# Advice on a salmon pink bird eater.



## Lucyk (Feb 3, 2010)

Hi, I am thinking of getting a salmon pink bird eater and was wondering if they need any spacific care like a higher humidity or something. Also are they a bugger to move about when you come to clean there tank out?? Because i have a pink toe who's a bugger to catch and move about when it comes to cleaning out.


----------



## CarsinemiA (Feb 3, 2010)

Just make sure there's a water bowl and you should be fine.

Rehousing is fairly simple. Mine kicks hairs readily though, which itch quite badly.

They eat like dragons and only turn down a meal when in premolt.

They grow like weeds.

Mine is about 5" and is in his permanent enclosure which is about 50cm x 25cm (about 22" x 11").

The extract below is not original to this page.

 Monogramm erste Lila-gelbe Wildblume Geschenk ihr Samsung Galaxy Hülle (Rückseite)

Alternatively... Do a search. There's a lot of useful information on this site if you search.

Reactions: Agree 1


----------



## aluras (Feb 3, 2010)

water,feed,watch grow......alot....
This is a very active species. and a great display animal. I do nothing special with them, and they continue to get huge. They are a lot of fun.:drool:

Reactions: Agree 1


----------



## Arachnoholic420 (Feb 3, 2010)

Lucyk said:


> Hi, I am thinking of getting a salmon pink bird eater and was wondering if they need any spacific care like a higher humidity or something. Also are they a bugger to move about when you come to clean there tank out?? Because i have a pink toe who's a bugger to catch and move about when it comes to cleaning out.

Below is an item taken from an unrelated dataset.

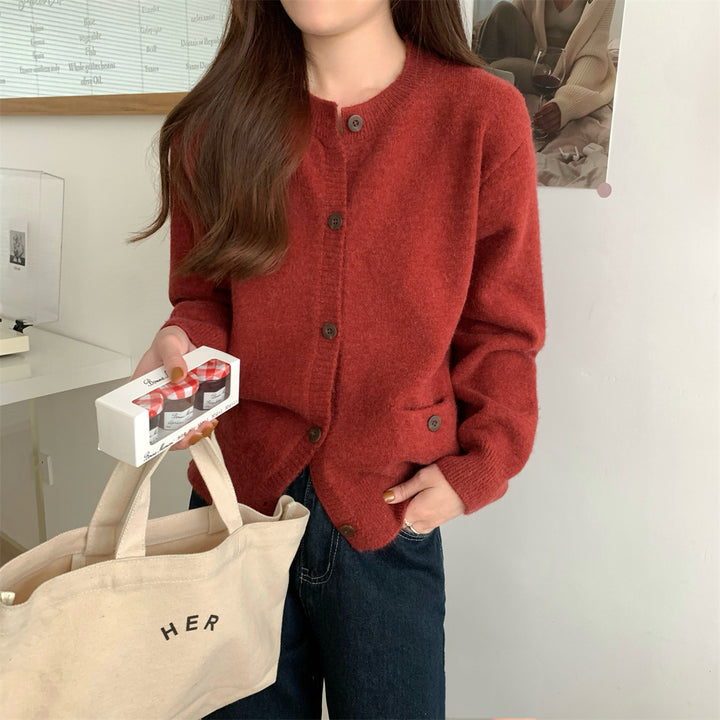 Kvinders strikket cardigan med store lommer og knapdetaljer Stilla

Easier than a A avic (pink toe...) doesnt need that much care like these arbo...


aluras said:


> water,feed,watch grow......alot....
> This is a very active species. and a great display animal. I do nothing special with them, and they continue to get huge. They are a lot of fun.:drool:


I agree... water,feed,watch grow......alot.... i had three diff sp Parahybana, Klugi, and Difficilis and they all are great.... easy to keep...
My lasio's are very active, would be oppotunistic burrowers... very easy laid back somewhat docile, it all depends on how you approach.. if suprised will kick hairs....... i have a water bowl which i over fill once a week, feed it 10 crckets in one sitting, & watch it grow that's exactly what i did with mine.... and here's a pic...
Akira


----------



## Buckwheat (Feb 3, 2010)

I totally concur with the above advise. These are as easy as they come. They can do just fine at normal household temps, they get huge..fast and have an over all good sense of humor. I keep my big girl  in a rubber maid tube which saves the hassle of re-housing her at future dates which make things so much easier. If you can get some hardware cloth and a few screws you can make a nice top for these tubs. How big can they get?..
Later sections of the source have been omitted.